Vale lembrar aqui alguns desses emblemáticos casos.
O deputado Cláudio Cajado (PP-BA) foi ressarcido integralmente e mensalmente (e ainda é), por notas fiscais que são emitidas no final do mês e que, se somada às demais, perfazem o valor exato de R$ 6 mil (valor total dessa verba), com raríssimas exceções.
Um exemplo ocorreu em setembro de 2020 quando abasteceu no 5º dia daquele mês combustível no valor de R$100,00. Na semana seguinte foram mais R$115,02, dois dias depois mais R$106,19 e R$162,00 e depois de outros dois dias lá se foram outros R$230,00.
Até aquele momento o valor gasto havia sido de R$ 713,21, restando como saldo da cota do mês, o valor de R$5.286,79. Por uma “incrível coincidência matemática”, este foi o valor da última nota fiscal apresentada pelo parlamentar, o que totalizou R$6 mil.
O Senador Humberto Costa (PT-PE) conseguiu a proeza de abastecer 52 vezes em um mesmo instante. Os abastecimentos com GNV ocorreram em outubro de 2018 e só foram lançados em janeiro de 2020, o que já é uma irregularidade perante a legislação tributária, dado o lapso temporal, assim como ao Senado, que só admite ressarcir despesas do ano anterior até o final de março do ano seguinte.
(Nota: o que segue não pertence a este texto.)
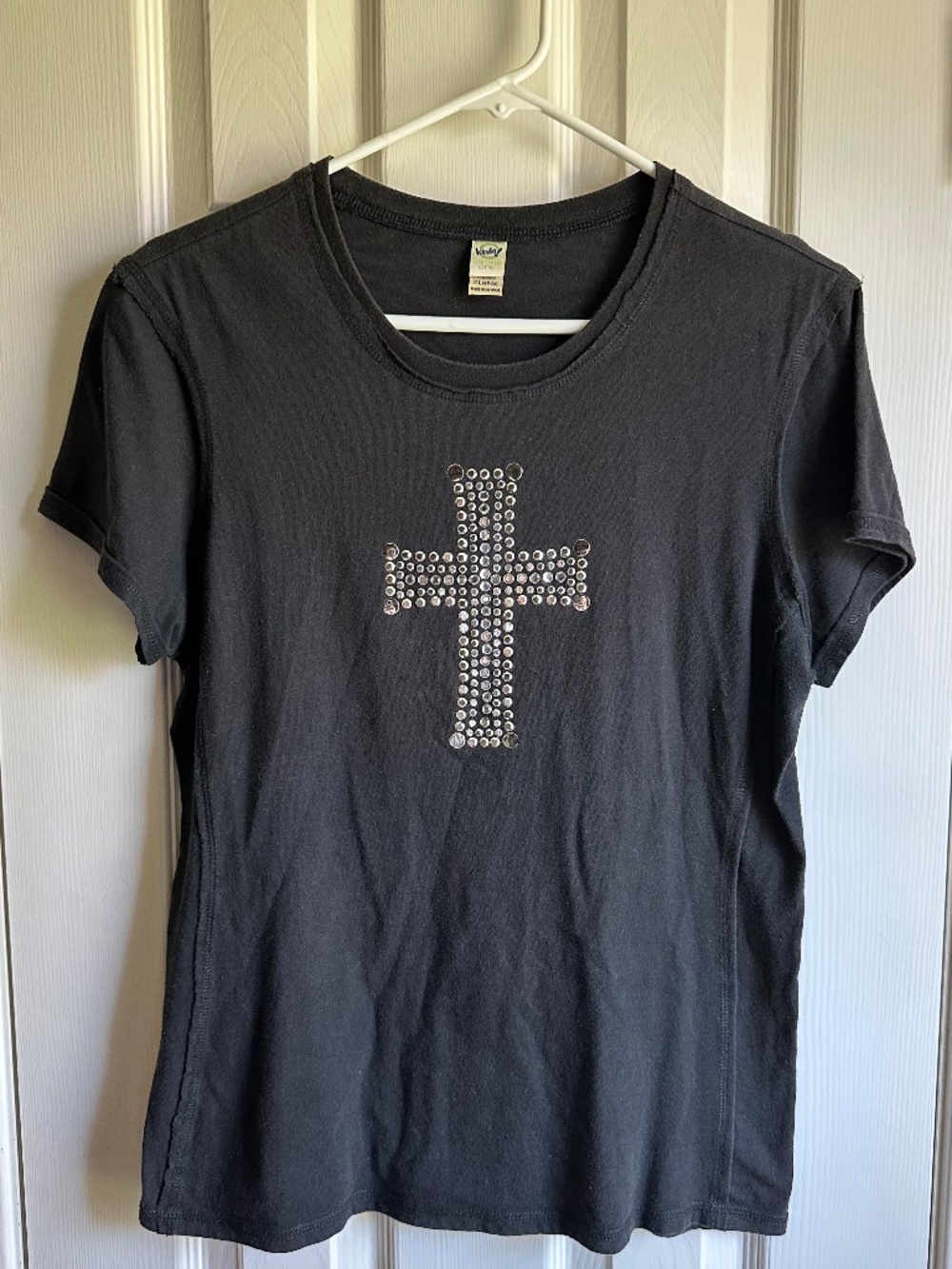 Women's X Large Black Short Sleeve T-shirt with Rhinestone Cross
Nos chamados “cupons fiscais” ainda é possível ver abastecimento no valor de até R$0,02 (dois centavos), além de mais uma estranheza, a falta da identificação do consumidor o que, neste caso, pode ser qualquer um.
Ainda há casos em que o parlamentar abasteceu 326 vezes num só dia e outro que abasteceu mais de mil litros de diesel “numa só mangueirada”. Todos os casos foram encaminhados, além do TCU, para o Ministério Público Federal e para as próprias casas legislativas.
Até o momento, o contribuinte brasileiro viu mais de R$ 6,2 milhões de seu dinheiro ser recuperado pelo Instituto OPS que prossegue com o seu trabalho de monitorar o uso de recursos públicos em todas as esferas, do municipal ao federal.